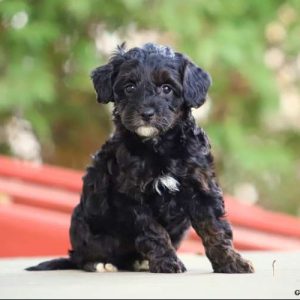 small poodle mix puppies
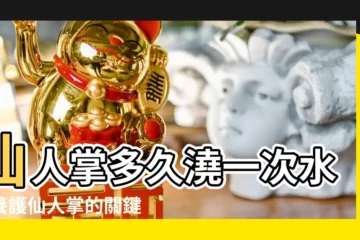 【仙人掌多久澆一次水】仙人掌多久澆一次水？養護仙人掌的關鍵秘訣揭曉！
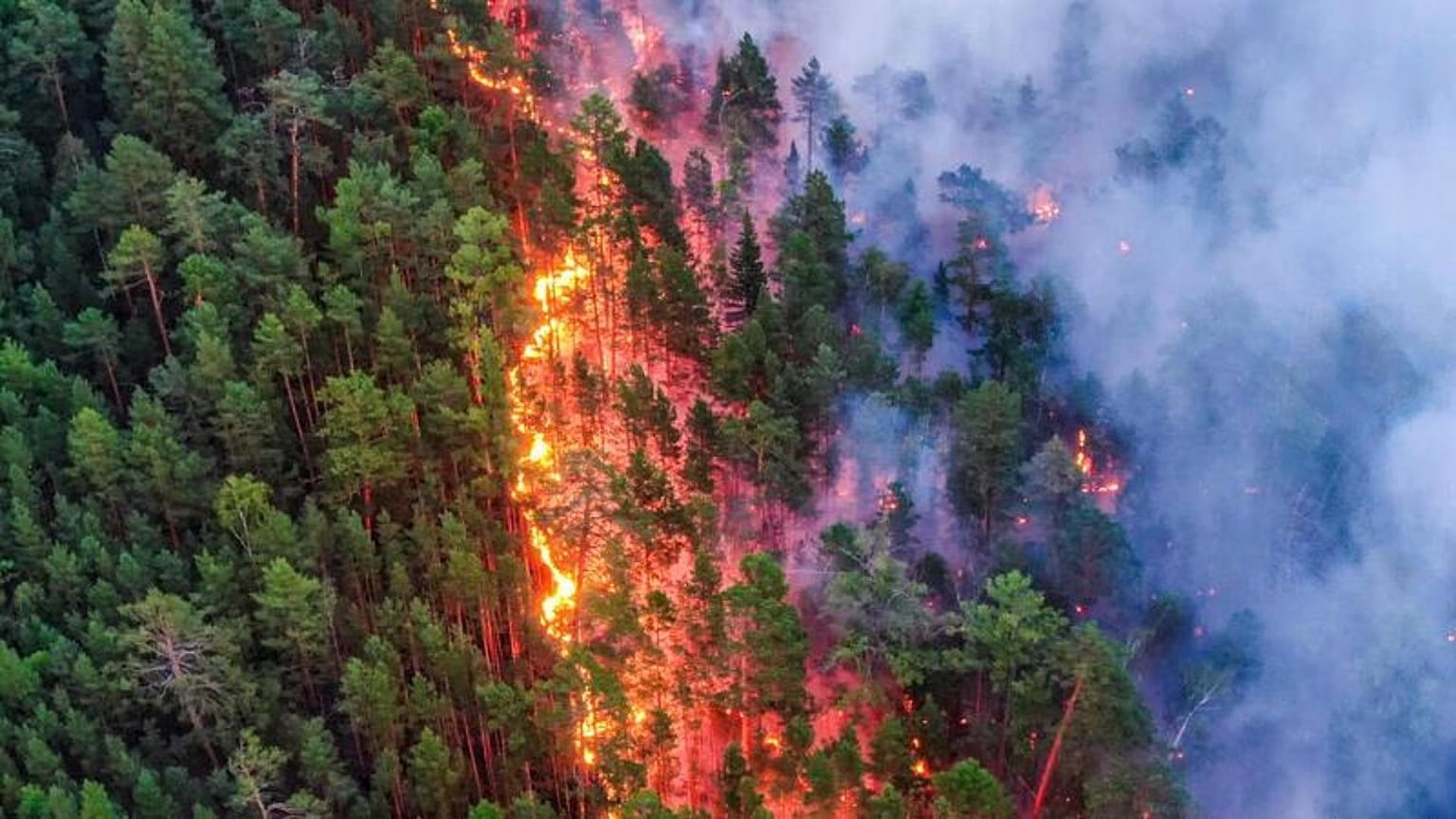 This summer Siberia is extremely suffering from various consequences of climate change.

● Description of the task
Write out the full listing verbatim, excluding its pictures.

● Solution below
 small poodle mix puppies
 【仙人掌多久澆一次水】仙人掌多久澆一次水？養護仙人掌的關鍵秘訣揭曉！
 This summer Siberia is extremely suffering from various consequences of climate change.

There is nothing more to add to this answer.